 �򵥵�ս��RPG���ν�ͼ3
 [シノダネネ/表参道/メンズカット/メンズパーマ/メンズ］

+ + + +

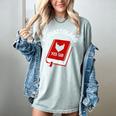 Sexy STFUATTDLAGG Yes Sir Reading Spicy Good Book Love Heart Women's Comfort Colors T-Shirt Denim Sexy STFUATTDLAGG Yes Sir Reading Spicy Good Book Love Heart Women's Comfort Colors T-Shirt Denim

+ + + +

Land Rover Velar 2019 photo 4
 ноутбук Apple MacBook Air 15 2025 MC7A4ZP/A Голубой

+ + + +

**TASK TO COMPLETE:** Considering only the material above, set down every line from the one with "Land Rover Velar 2019 photo 4" to the one with "ноутбук Apple MacBook", inclusive, exactly as written.

**OUTPUT FOR THIS TASK:**
Land Rover Velar 2019 photo 4
 ноутбук Apple MacBook Air 15 2025 MC7A4ZP/A Голубой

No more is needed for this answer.